Please explain all answers!
1. One of Philip Mahn’s investments is going to mature, and he wants to determine how to invest the proceeds of $30,000. Philip is considering two new investments: a stock mutual fund and a one-year certificate of deposit (CD). The CD is guaranteed to pay an 8% return. Philip estimates the return of the stock mutual fund as 16%, 9%, or -2%, depending on whether the market conditions are good, average, and poor, respectively. Philip estimates the probability of a good, average, and poor market to be 0.1, 0.85, and 0.05, respectively.
A. construct a payoff matrix for this problem.
B. what decision should be made according to the maximum decision rule?
C. what decision should be made according to the maximin decision rule?
D. what decision should be made according to the minimax regret decision rule?
E. what decision should be made according to the EMV decision rule?
F. what decision should be made according to the EOL decision rule?
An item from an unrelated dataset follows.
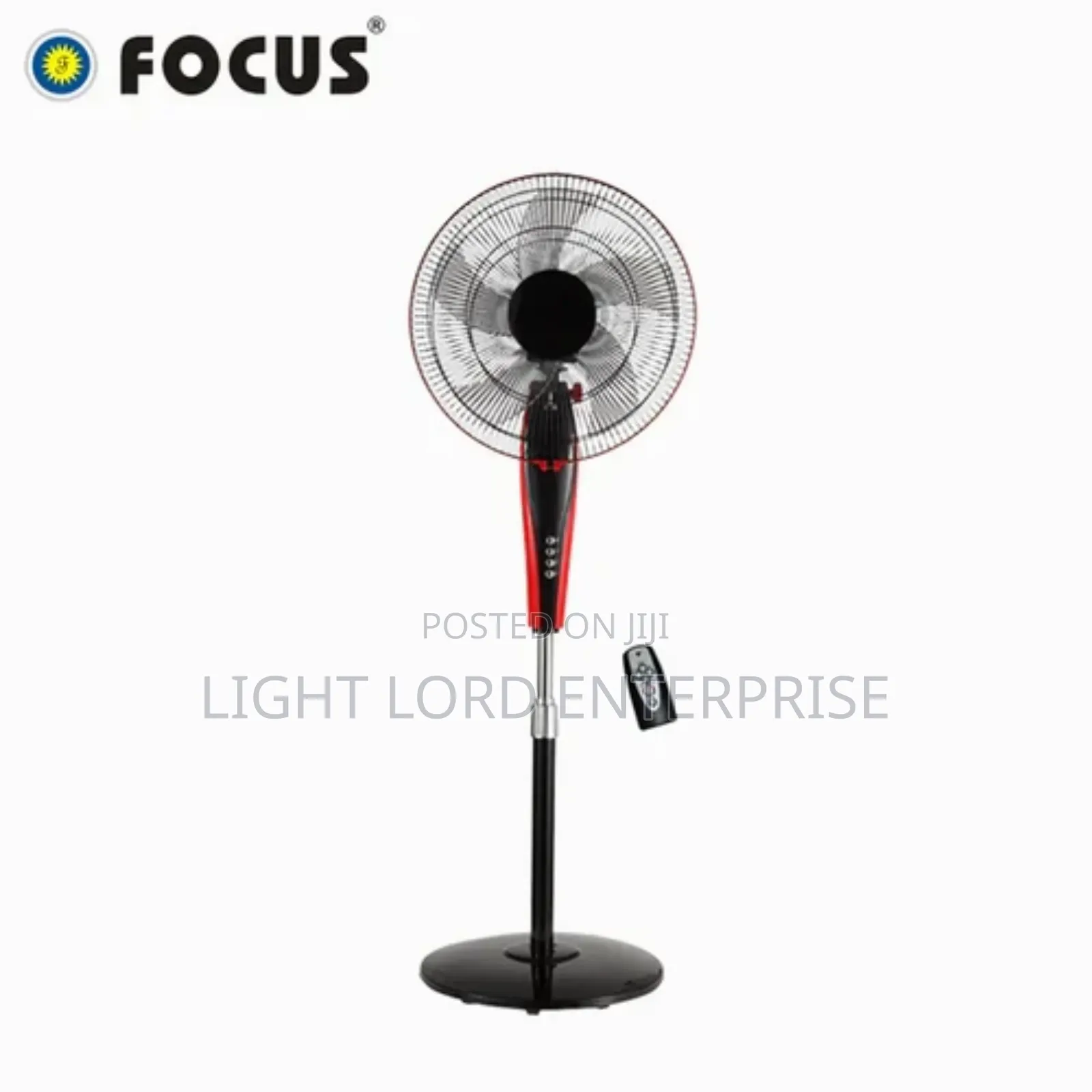 Ghana Made Focus Standing Fan With Remote Control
G. how much should Philip be willing to pay to obtain a market forecast that is 100% accurate.
2. From industry statistics, a credit card company knows that 0.8 of its potential card holders are good credit risks and 0.2 are bad credit risks. The company uses discriminant analysis to screen credit card applicants and determine which ones should receive credit cards. The company awards credit cards to 70% of those who apply. The company has found that of those awarded credit cards, 95% turn out to be good credit risks. What is the probability that an applicant who is a bad credit risk will be denied a credit card?